Trent Davis Bailey
The North Fork
Jun 4 - 27 , 2026
In The North Fork, Trent Davis Bailey looks to a remote river valley in western Colorado. A Colorado native himself, the artist was drawn to the vastness of his home state, its rich agrarian history, and the assorted characters who inhabit the Western Slope. He was especially curious about his extended family who used to live there — an aunt, uncle, and cousins — who he hadn’t seen in nearly 20 years. Describing his childhood memories of them, he says: “They lived in a large tent at the base of a mountain. Their backyard had three ponds and a garden where they grew their own food. Beyond that was a dense forest of scrub oak and juniper trees where I imagined coyotes, black bears, and mountain lions lurked.”
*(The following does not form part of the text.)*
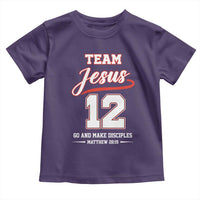 Team Jesus 12 Christian Sports Style Toddler T Shirt Go And Make Disciples Matthew 28:19 Faith Athletic Inspired Gift
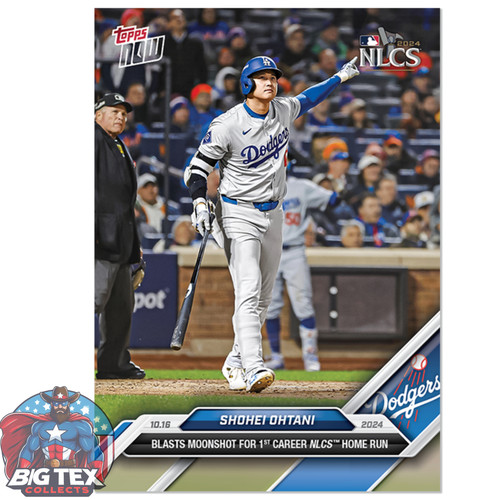 2024 Topps Now Shohei Ohtani #839 Los Angeles Dodgers - HR Blast in NLCS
Bailey marveled over his cousins’ world and the strange and colorful macrobiotic meals his aunt prepared, but due to a falling out between his father and his uncle, he only visited the North Fork a few times as a child. In 2011, Bailey returned to the valley and for the next seven years he used photography to piece together his experience of the North Fork and its inhabitants. In due time, he not just found his extended family, but he rekindled ties with them while forging his own place within the local community. Then one fateful day, while foraging for mushrooms, he met his now wife with whom he has two children. Collectively, the photographs in this exhibition are informed by that backstory, but they also go well beyond it: conjuring up their own associations of place, food, kinship, and wonder.
In-Person Artist Talk
Sat, Jun 6 at 2 PM
Trent Davis Bailey (American, b. 1985, he/him) is an artist and photographer whose long-term projects look to landscapes and culture in America while reflecting on concepts of community, identity, family, and the archive as well as themes of ecology, regionalism, memory, place, and time. Bailey’s work has been exhibited and published nationally and internationally, and it is held in the permanent collections of the Denver Art Museum and the Museum of Contemporary Photography (MoCP), among others. He is the recipient of numerous grants and awards, including 2024 and 2025 Working Assumptions project grants, a 2019 Film Photo Award, the 2015 Snider Prize from the MoCP, and a 2014 Magnum Foundation grant. He has taught photography at a number of institutions including the University of Colorado Denver and the California College of the Arts. His first book, The North Fork, was published by Trespasser (Austin, Texas, USA) in 2023. His second book, Son Pictures, published by Chose Commune (Marseille, France), is due for release in June 2026.